Most of the time, when you start talking custom, or even semi-custom, you’re talking big bucks. In this case though, roll: Bicycle Company is bringing the ability to pick and choose to the masses. Initially launched through a Kickstarter, roll: Bicycle Company is the offspring of Columbus, Ohio’s roll: bike shop. With a successful crowd sourcing under their belt, roll: Bicycle Company’s three different builds are now available to the public through their intuitive build page that allows you to outfit the bike to your liking…
If there’s one thing we consistently hear from cyclists, it’s ‘enough with the branding.’ Some bikes are so plastered with logos that you look like a rolling billboard. Not here. All of the roll: frames are extremely understated with a choice of six colors – three gloss and three matte finishes. The only branding you’ll find on your new bike is in the form of the head badge, the headset top cap, and one unobtrusive logo on each fork leg. Shown here in silver matte, the bikes all look great in person – to the point that people stopped me to tell me so while I was riding this to the picture spot.
Using the same frame and fork, roll: offers three different builds, the 1:Adventure which is reviewed here, the 1:City, and the 1:Sport. All three start out at $699 with all the options included, though accessories are extra.
Along with the choice of color for the 6061 aluminum frame and fork, you also get a choice of finish for the components. Available in polished silver or matte black, the color choice applies to the seat post, seat post collar, handle bar, stem, and headset spacers and parts.
The 1:Adventure model includes ergo lock on grips with integrated bar ends mounted to the 31.8mm back swept handlebar. If you’d rather go a bit more classy, Brooks GP1 leather grips are also available as an option for $75. On the medium tested here, the stock stem length came in at 90mm which is not one of the things that can be customized.
On the topic of size, roll: has a pretty detailed section on their Perfect fit System which should help steer you to the correct size. Calling them Size 1, 2, and 3 instead of S, M, and L, I was somewhat surprised to find that Size 2 is a 19″ frame, where I typically associate medium frames with 17 or 18″. If you consider it a medium, it’s a big medium to be sure, but that should allow riders a fairly upright position (instead of the slammed stem for me).
fitted with Tektro MD-M300 disc brakes and 160mm rotors front and rear, the brakes were easy to set up and offer plenty of power. Instead of your typical quick release on a bike of this price, roll: specs bolt on skewers which add a touch of theft resistance and wheel retention.

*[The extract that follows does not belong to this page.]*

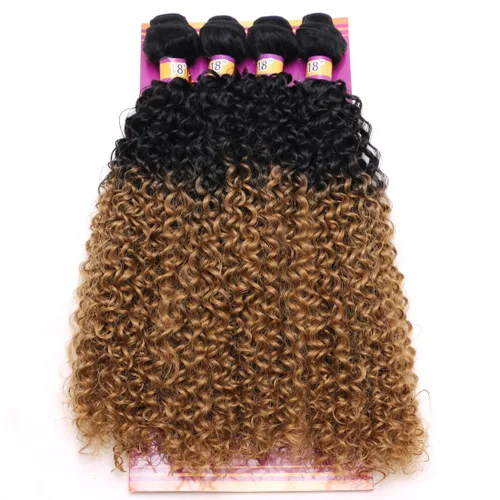 Miniatura 29 de Extensiones de cabello rizado afro rizado, sintético, tejido rápido, extensiones de cabello de fibra de alta temperatura para mujeres, color negro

Equipped for rear racks and full fenders, the frame has two bottle cage mounts and internal routing for the brake and shift cables.
What makes the 1:Adventure so adventure-y? That would be 700x40mm Kenda Flintridge tires on decently burly rims laced to sealed bearing hubs. The clearance isn’t huge, but it’s adequate for all but the muddiest of rides. To get fenders in there, you would probably need to downsize the tires though.

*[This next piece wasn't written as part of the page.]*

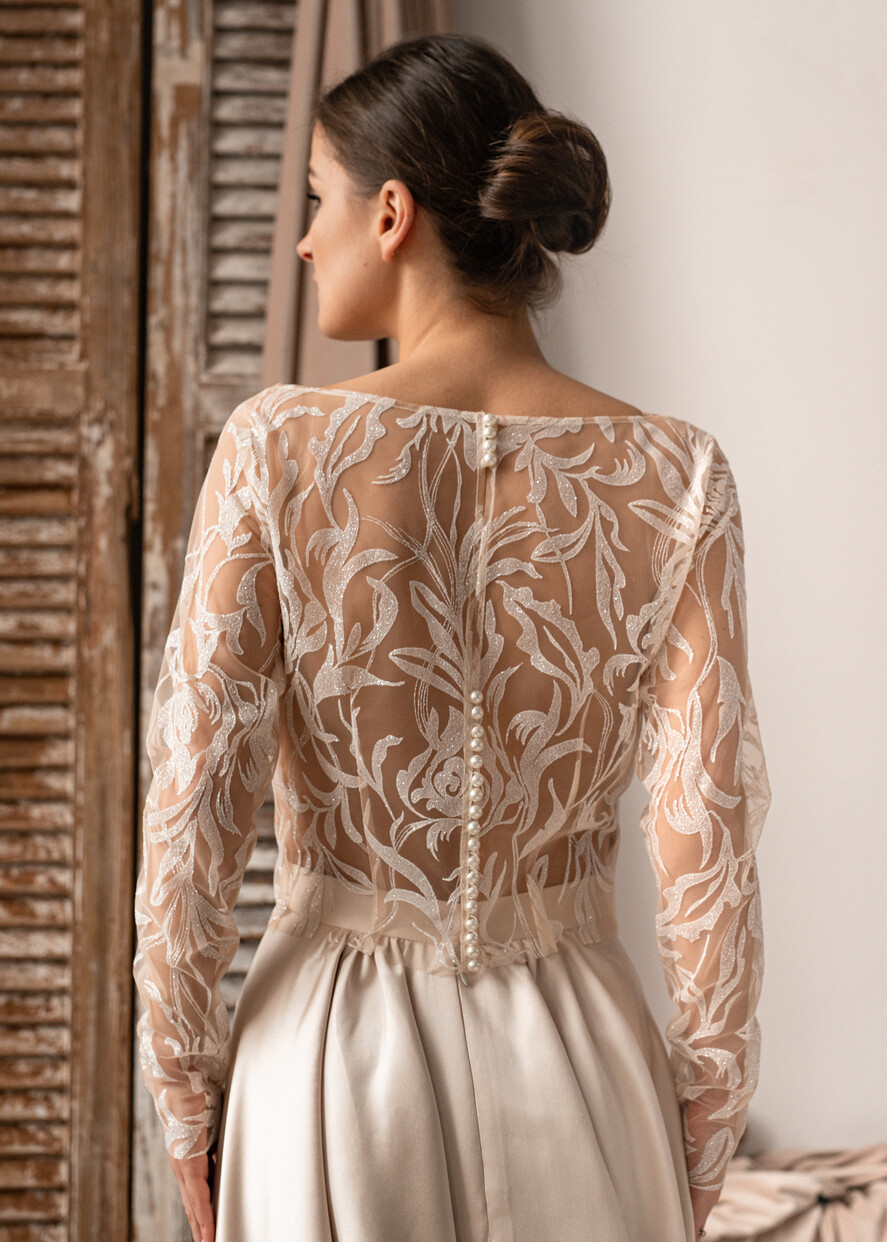 BRIDE bolero, robes, garter LACE WEDDING BOLERO Ivory Lace Wedding bolero puff sleeve, Shrug Women Wedding, Bridal Backless Coverup, Ivory Blouse for Bride, Bridal Lace Blouse, dress capalet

The 1:Adventure also runs a 1×10 SRAM Via Centro drivetrain with an 11-36t cassette and 42t single ring up front. The aluminum crankset has a chainguard to keep the chain on front the outside, and a simple plastic guide mounted to the seat tube on the inside.
Shipped for free in the U.S. in a very nice roll: Flatpack Box, the 1:Adventure came mostly assembled, with the frame positioned nicely on top of a separate level for the wheels. Here, roll: like many other companies shipping bikes to consumers claims there are just four steps to getting out to ride. Honestly, the bike’s assembly was quite good, and you really could get it out of the box and have it ready to go in 20 minutes or so. The professional bike mechanic might have another thing to say about that, as there is a difference between assembling a bike and building a bike. Things like extra grease for the headset components, double checking limits, and torquing the crank bolts (which were pretty loose in this case), can go a long way towards making a bike more durable in the long run. This isn’t really a comment on roll: and their bike, but more a general statement on direct to consumer bike builds and what to realistically expect. The takeaway here though, is that the bike was well packed and easy to assemble.
If you leave near a roll: store, you can also order the bike online then pick it up from the shop in as little as 48 hours. In that case, the bike is already assembled including the extra bits mentioned above.
Completely built and with the stock flat pedals, the 1:Adventure measures a respectable 25.68 lbs.
All told, the roll: 1:Adventure seems to be a fantastic bike with a lot of options for the price. Realistically, this is a way for roll: to fight shrinking margins and more competition from the internet with their own line of bikes, but they’ve done it in a way that benefits the consumer as well. Compared to a lot of the competition at this price range, the roll: bike is well speced and offers the ability for the rider to make it their own with different colors and accessories. More importantly, the bike rides incredibly well with great geometry and a zippy, yet stable handling that fits right in that adventure category. And don’t think this is just some hybrid that’s not capable of bigger adventures – roll: CEO and founder Stuart Hunter says he plans to race the Mohican 100 on a version with 27.5″ wheels and 2.0 tires later this year, along with a Durango to Moab hut to hut trip in September. Now that would be an adventure!